Spark大数据分析——pyspark(二)

时间:2023-02-01 08:10:41
Welcome to
      ____              __
     / __/__  ___ _____/ /__
    _\ \/ _ \/ _ `/ __/  '_/
   /__ / .__/\_,_/_/ /_/\_\   version 2.1.0
      /_/
>>> rdd=sc.parallelize({('panda',0),('pink',3),('pirate',3),('panda',1),('pink',4)})
>>> rdd.collect()
[('panda', 1), ('pink', 3), ('pirate', 3), ('panda', 0), ('pink', 4)]
>>> 
>>> rdd.mapValues(lambda x: (x, 1)).collect()

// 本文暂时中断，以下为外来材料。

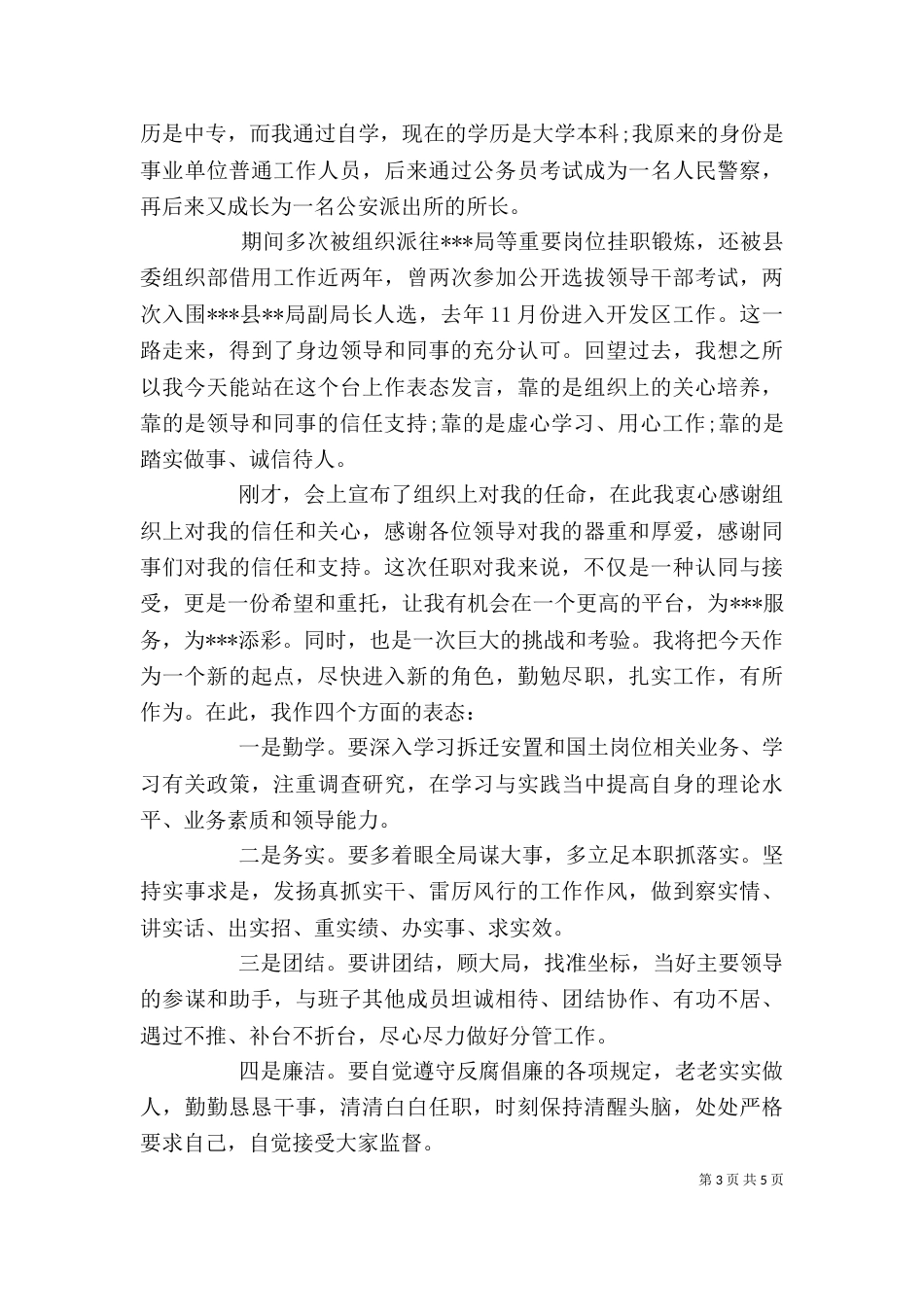 领导干部就职发言稿精选范文_第3页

[('panda', (1, 1)), ('pink', (3, 1)), ('pirate', (3, 1)), ('panda', (0, 1)), ('pink', (4, 1))]
>>> nums=rdd
>>> nums.collect()
[('panda', 1), ('pink', 3), ('pirate', 3), ('panda', 0), ('pink', 4)]
>>>
>>> sumCount = nums.combineByKey((lambda x: (x,1)),(lambda x, y: (x[0] + y, x[1] + 1)),(lambda x, y: (x[0] + y[0], x[1] + y[1])))
>>>
>>> nums.mapValues(lambda x: (x,1)).collect()  #比较巧妙的用法
[('panda', (1, 1)), ('pink', (3, 1)), ('pirate', (3, 1)), ('panda', (0, 1)), ('pink', (4, 1))]
>>> nums.mapValues(lambda x: (x,1)).reduceByKey(lambda x, y: (x[0] + y[0], x[1] + y[1])).collect()

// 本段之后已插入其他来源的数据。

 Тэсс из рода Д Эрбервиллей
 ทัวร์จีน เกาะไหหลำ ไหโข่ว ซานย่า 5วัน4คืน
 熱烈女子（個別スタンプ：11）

[('pink', (7, 2)), ('panda', (1, 2)), ('pirate', (3, 1))]
>>>
>>> data=[('a',3),('b',4),('a',1)]
>>> data
[('a', 3), ('b', 4), ('a', 1)]
>>> 
>>> sc.parallelize(data).reduceByKey(lambda x,y: x+y).collect()#根据键进行合并
[('b', 4), ('a', 4)]
>>> sc.parallelize(data).reduceByKey(lambda x,y: x+y,10).collect()#自定义并行度
[('b', 4), ('a', 4)]
>>>
>>>
>>> rdd.collect()
[('panda', 1), ('pink', 3), ('pirate', 3), ('panda', 0), ('pink', 4)]
>>> rdd.sortByKey(ascending=True,numPartitions=None,keyfunc=lambda x:str(x)).collect()
[('panda', 1), ('panda', 0), ('pink', 3), ('pink', 4), ('pirate', 3)]#根据key进行排序
>>>
>>>
>>>
>>> import csv
>>> import StringIO
>>> def loadRecord(line):
...     input=StringIO.StringIO(line)
...     reader=csv.DictReader(input,fieldnames=['name','favouriteAnimal'])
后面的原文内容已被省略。